We’ve taken to calling the path required to avoid runaway climate change, seen in so many climate science pathways, to go “down the slide”. Here, in Jackson’s visualisation, and especially from the consumerist perspective, we see two kinds of vertiginous drops (straight and curved).

It is worth reading this piece carefully. If we accept the ethical size of our carbon budget, says Jackson, we should be aiming at 2030-35 as our net zero targets, not 2050. There is also a presumption that we will have “negative emissions technologies” - carbon capture - that will actively take carbon out of the atmosphere.

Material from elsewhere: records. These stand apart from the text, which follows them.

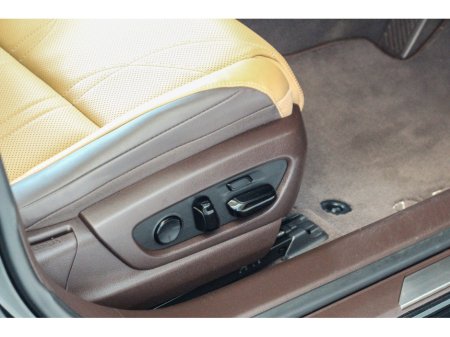 2021 Lexus ES 300 H - thumbnail 26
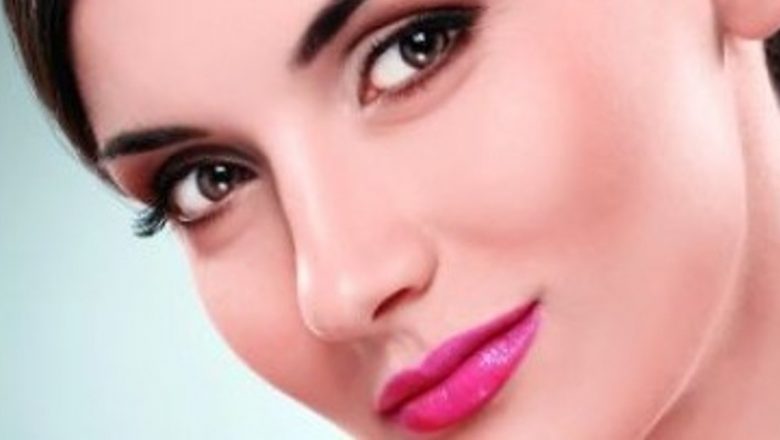 Transformarea pielii: Cum să arăți mai tânără cu ajutorul uleiului de nucă de cocos
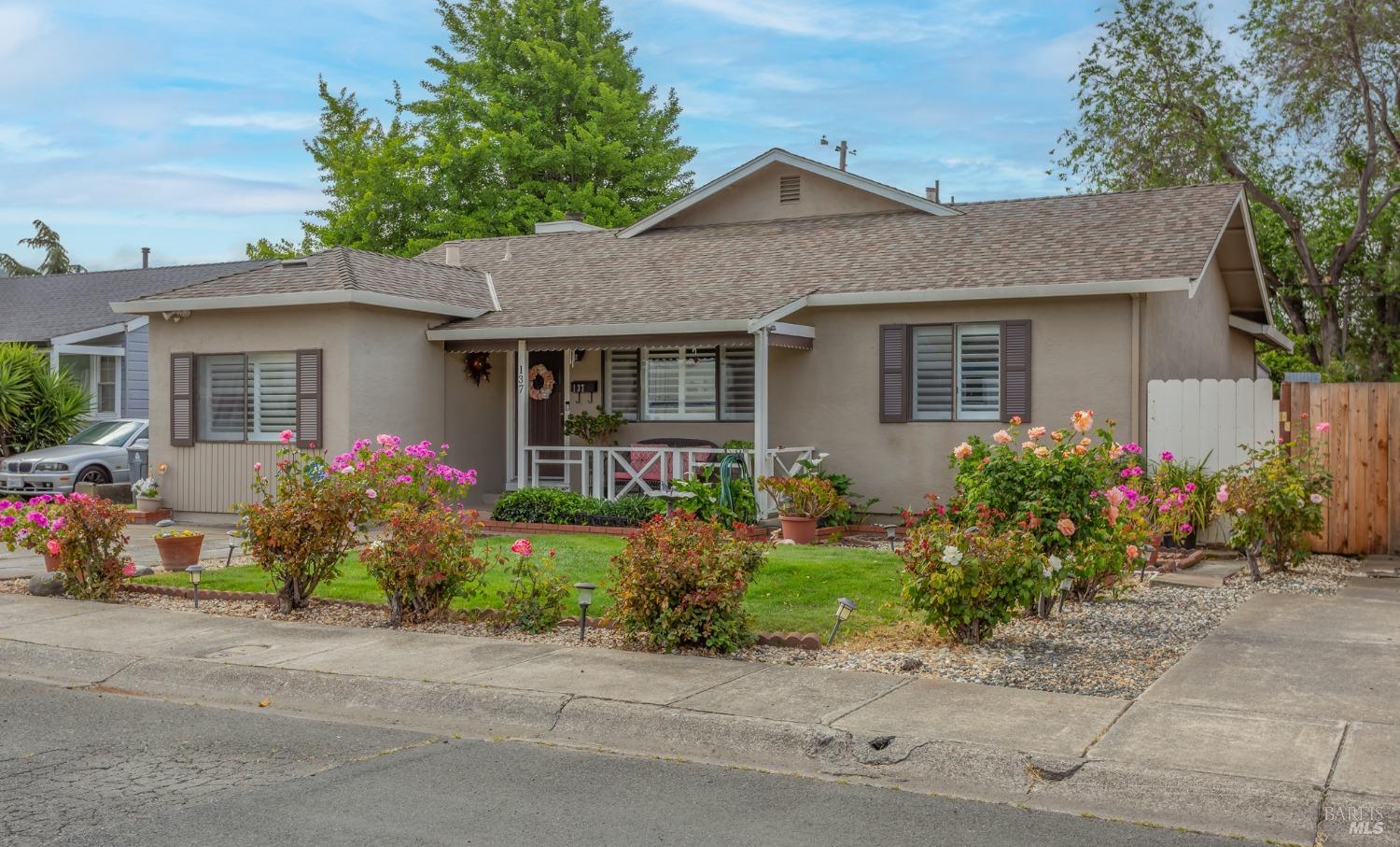 Detail Gallery Image 1 of 45 For 137 Webster St, Vallejo,  CA 94591 - 3 Beds | 2 Baths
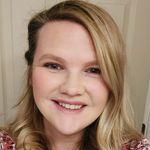 Sarah DeYoung - @sarah_larra_d - Instagram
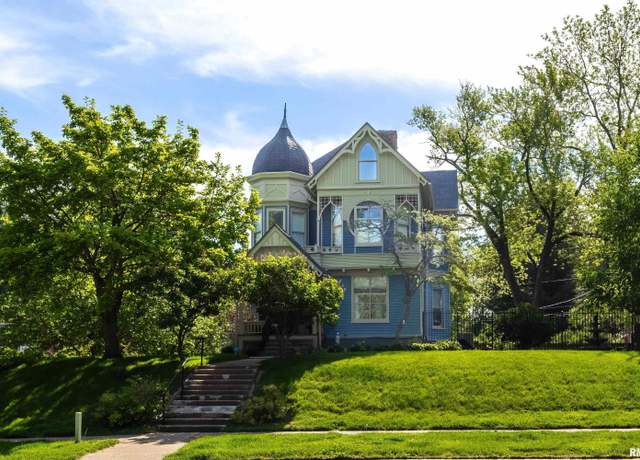Property at 1703 20th St, Rock Island, IL 61201, 4 beds, 4.5 baths
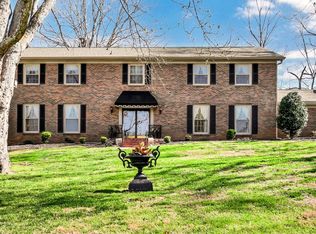 351 Fairway Dr, Clarksville, TN 37043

As our recent article on this technology pointed out, we can’t wait on market incentives to develop carbon capture sufficiently - it implies a level of public/state commitment that doesn't seem to have much political possibility of coming about (though some are struggling towards it). So hard reductions in emissions and consumption - which we know we can do - must be considered.

Jackson concludes:

Ultimately, the setting of a target date depends on the position a country takes in relation to its global responsibility and the speed with which it is prepared to take action to reduce emissions to net zero. Despite the challenges associated with such extensive emission reductions, the lessons from this analysis are clear.

There is every indication that the current UK net zero target of 2050 is insufficient either to reflect our global responsibility - or to motivate the early action that is needed, if the carbon budget is not to be exhausted long before the target date.

In summary, the moral and prudential case for the UK to adopt a zero target sooner than 2050—perhaps as soon as 2030—appears to be a very strong one.

More here.

If Jackson and others (like Jason Hickel) are correct, then the deep cultural, social and psychological shifts required to go “down the slide” are as important as any intergovernmental targets or integrated “greening” of infrastructure and systems - if not more so. The multitudinous means to enable those shifts, both existing and imagined, is what we are constantly trying to map, explore, curate and innovate at The Alternative UK.